I have been craving the combination of chocolate and peppermint for weeks. I have also been dying to try baking with the vegan egg substitute called Aquafaba (more on that in a few days). There was a recipe I found a few months ago that used Aquafaba in a chocolate cake. I offered to high altitude it to get my sweets fix, but I swapped out a peppermint frosting to make the lovely holiday pairing of peppermint and chocolate.
The original recipe was gluten-free, but I thought I’d tackle Aquafaba solo in order to test how it works. Maybe I’ll try the cake gluten-free when I feel like wrestling that type of baking. Besides changing the flour, I added flour and liquids for high altitude. The interesting thing I discovered was that the batter seemed thicker like a traditional batter with eggs. The cake was moist and tasty and fantastic with the frosting.

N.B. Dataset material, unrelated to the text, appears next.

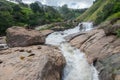 Atukkad Waterfalls near Munnar in Kerala, South India on cloudy day in rain season Royalty Free Stock Photo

The fire was roaring as I completed the cake so I thought it would be a nice setting for a picture. I learned that fire and frosting don’t play well together. Melted or not, it still tasted great.

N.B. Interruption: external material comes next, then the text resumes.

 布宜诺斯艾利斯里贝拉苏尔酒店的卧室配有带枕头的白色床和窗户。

The Coconut Sugar and Cacao Powder were provided to me by Navitas Naturals to test in my kitchen. I am not paid to use their products or endorse them.
Candy Cane Chocolate Cake adapted from the Plant Strong Vegan
6 TBS chickpea liquid (Aquafaba)
2 TBS ground flaxseeds
¾ cup + 1 TBS soymilk
2 tsp apple cider vinegar
1 cup + 1 TBS all-purpose flour
1 cup Navitas Naturals Coconut Sugar
⅓ cup Navitas Naturals Cacao Powder
1 tsp baking soda
pinch of salt
¼ cup coconut oil, melted and cooled
1 tsp vanilla extract
8 oz. vegan cream cheese
1 1/4 cups powdered sugar
1/2 tsp vanilla extract
1/2 tsp peppermint extract
crushed candy canes for garnish
Preheat oven to 325F. Lightly grease and dust with cacao powder a 8×8” pan. In a bowl whisk together Aquafaba and ground flaxseeds. Let sit for 10 minutes. In another bowl whisk together soymilk and apple cider vinegar. Let sit for 10 minutes.

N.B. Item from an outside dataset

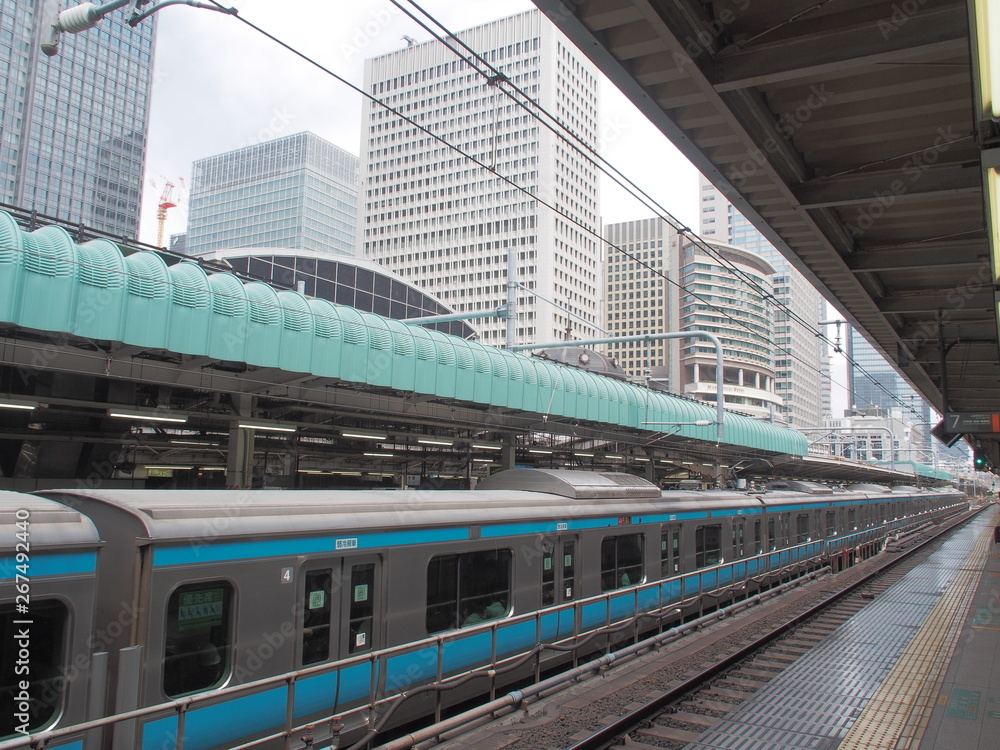 View from the railway platform of Tokyo Train Station with modern office towers under blue sky View from the railway platform of Tokyo Train Station with modern office towers under blue sky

In a large bowl combine flour, sugar, cacao powder, baking soda and salt. Whisk until well combined. Add wet ingredients (coconut oil, vanilla extract, milk + apple cider vinegar, Aquafaba + flax) into dry and whisk until smooth. Pour batter into prepared pan. Bake on center rack for 40 minutes, or when a toothpick inserted in center comes out clean with sides of the cake pulling away from pan. Remove cake from oven and cool on a wire rack for 30 minutes.
While cake is cooling, prepare frosting by stirring all ingredients together until smooth. Let chill until needed. Turn cooled cake out onto a cake plate. Frost and garnish. Store leftovers in an air-tight container, in fridge, for up to 4 days.